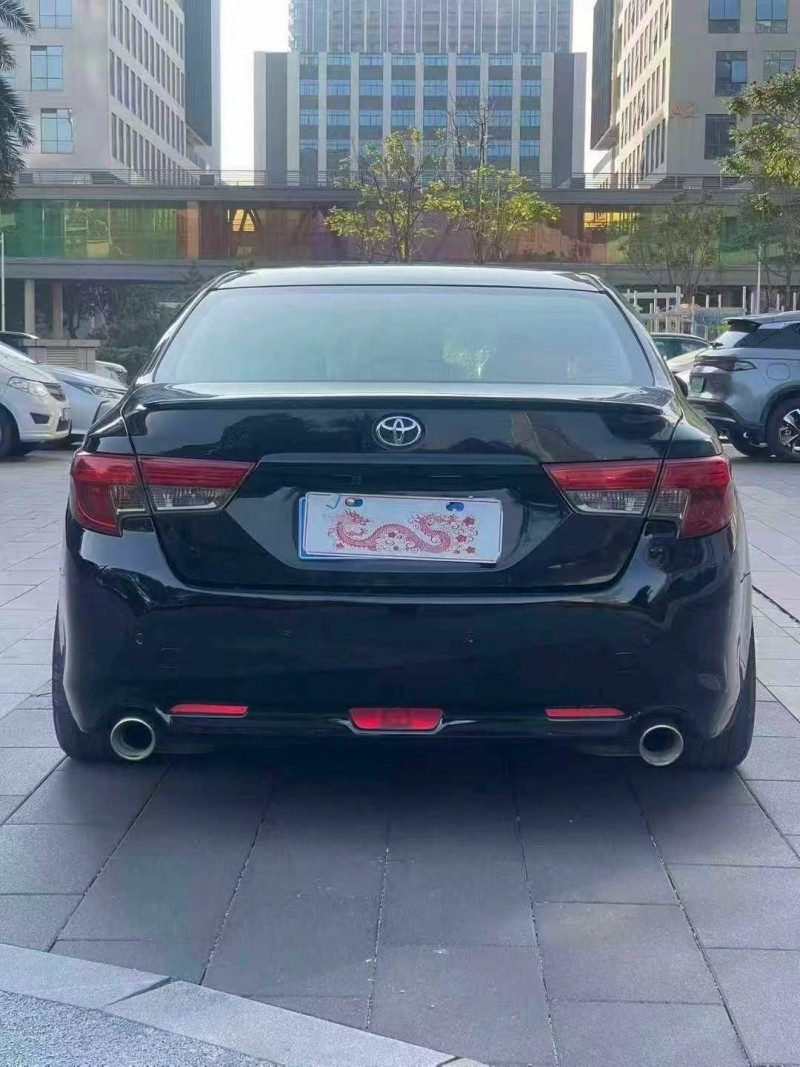 佛山14年丰田锐志9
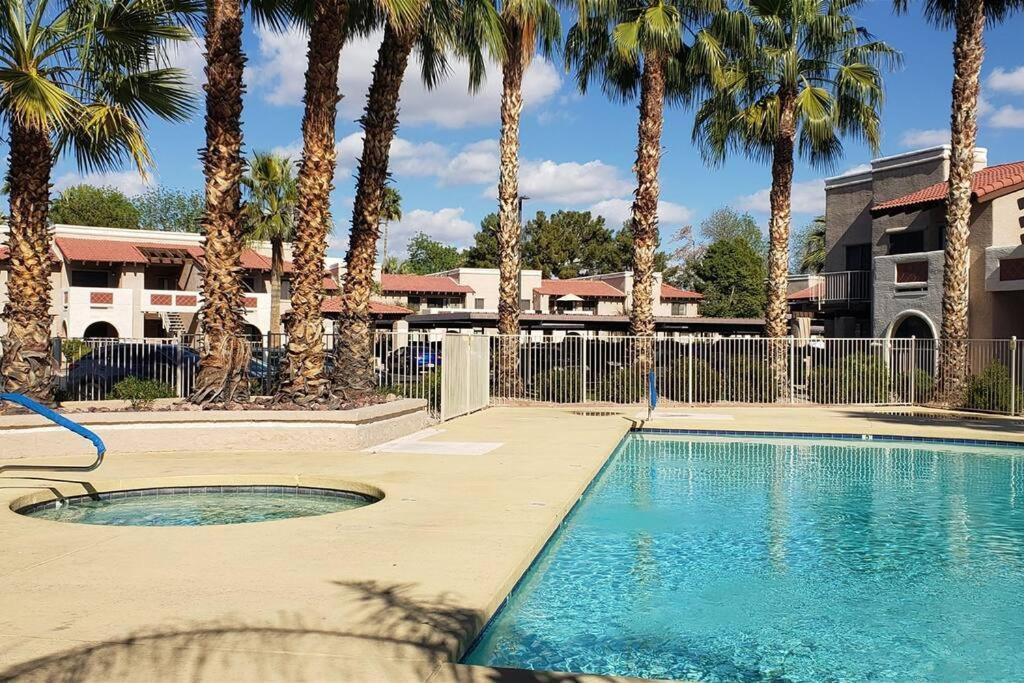 Condo With Heated Pool, Hot Tub, Near Walking Paths Glendale Luaran gambar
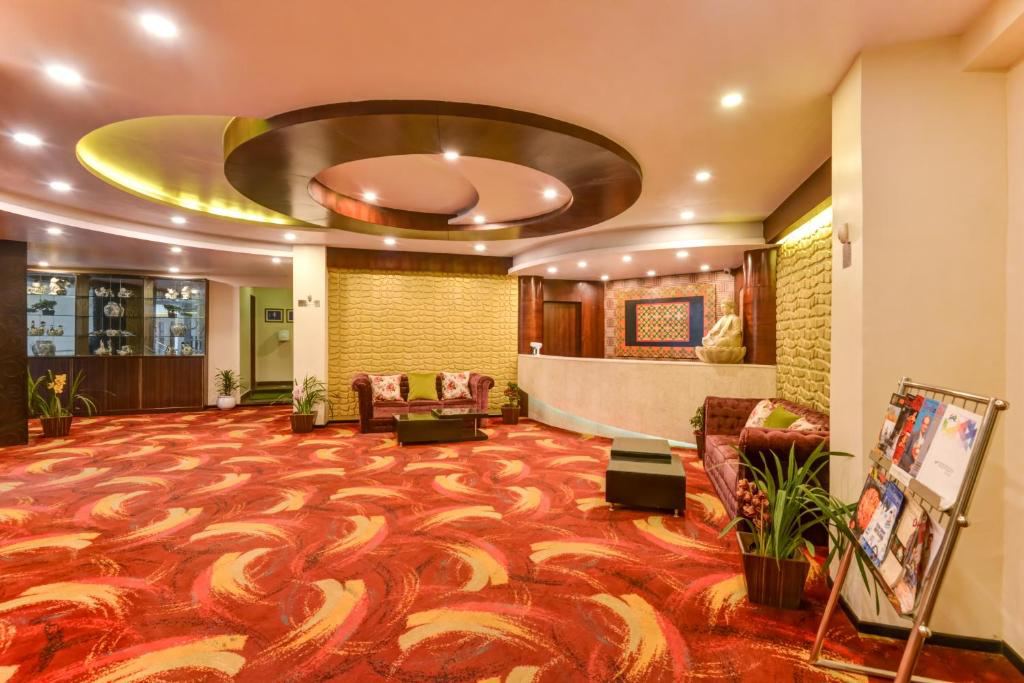 Summit Montana Suites & Spa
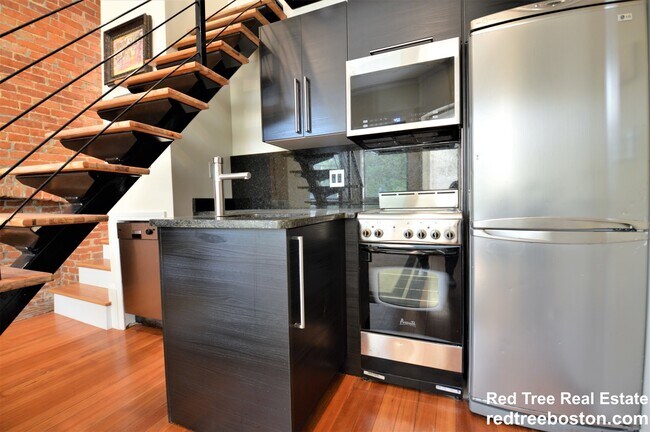 Photo - 1689 Beacon St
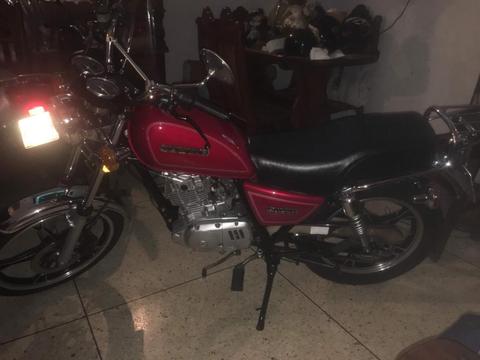 Suzuki GN 125 2013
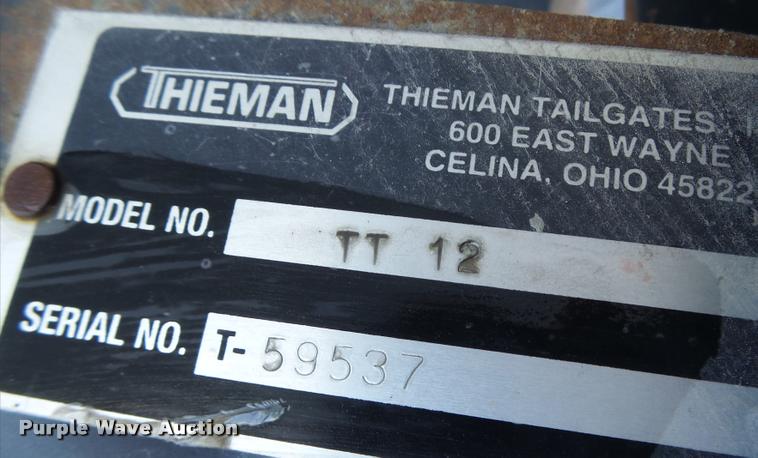 image for item DB1347 2001 Chevrolet Silverado 1500 pickup truck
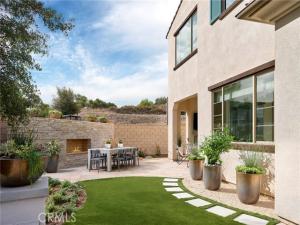 MLS #OC26201391 image #0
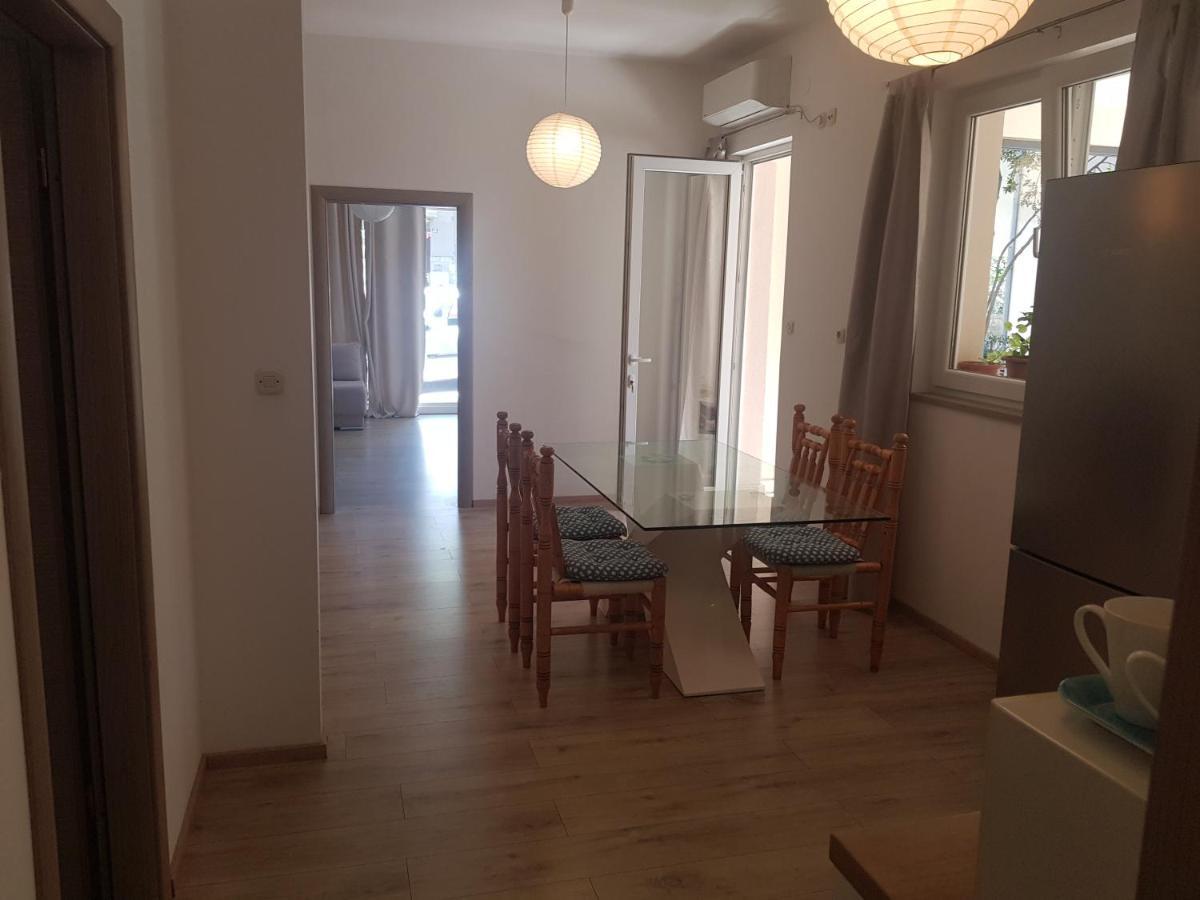 Antonija I Mateo, In The Center Of Apartman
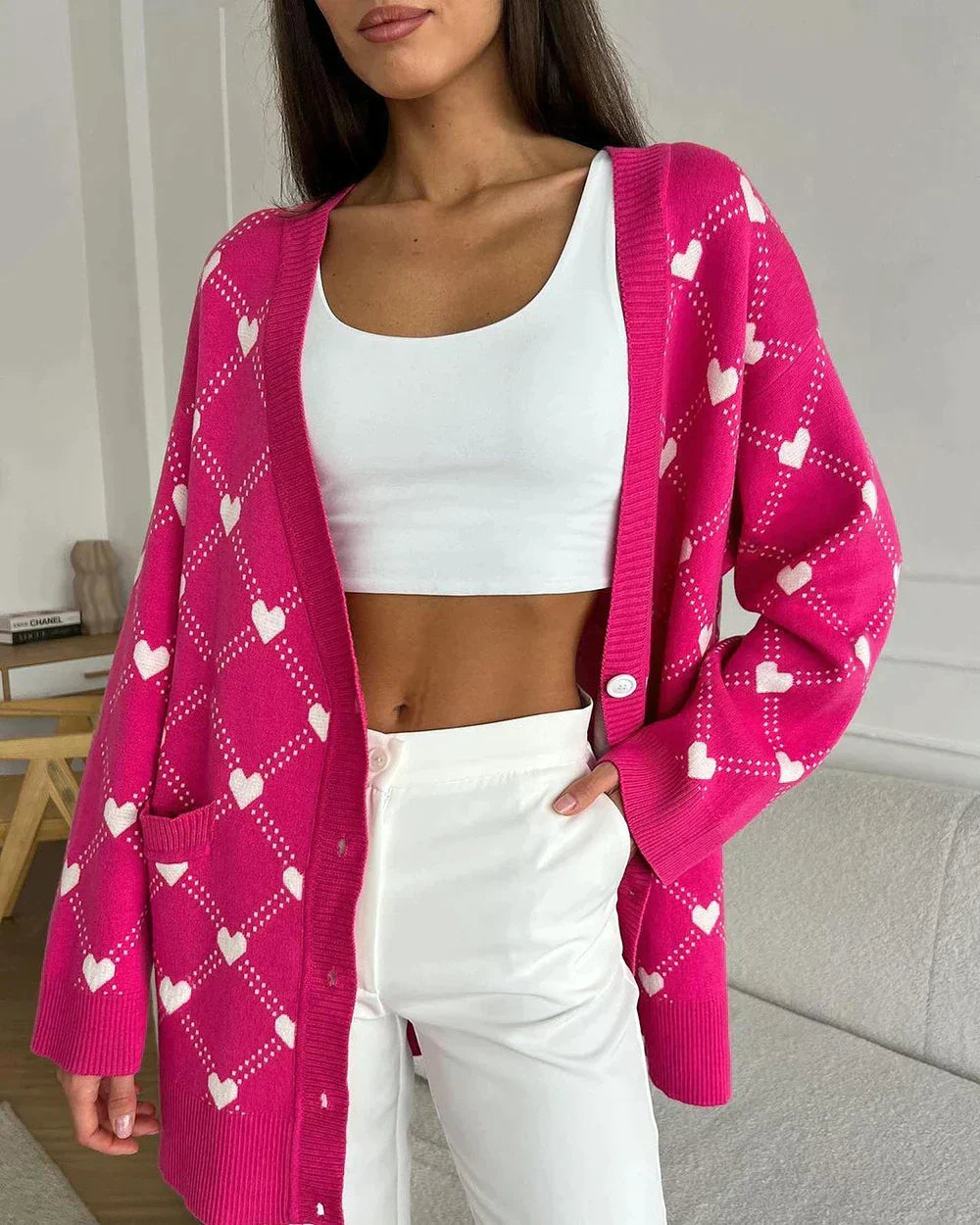 Women's knitted cardigan with heart print and buttons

# # #

- _PROMPT_
Set every entry down again word for word, but not the pictures.

- _RESULT BELOW_
 佛山14年丰田锐志9
 Condo With Heated Pool, Hot Tub, Near Walking Paths Glendale Luaran gambar
 Summit Montana Suites & Spa
 Photo - 1689 Beacon St
 Suzuki GN 125 2013
 image for item DB1347 2001 Chevrolet Silverado 1500 pickup truck
 MLS #OC26201391 image #0
 Antonija I Mateo, In The Center Of Apartman
 Women's knitted cardigan with heart print and buttons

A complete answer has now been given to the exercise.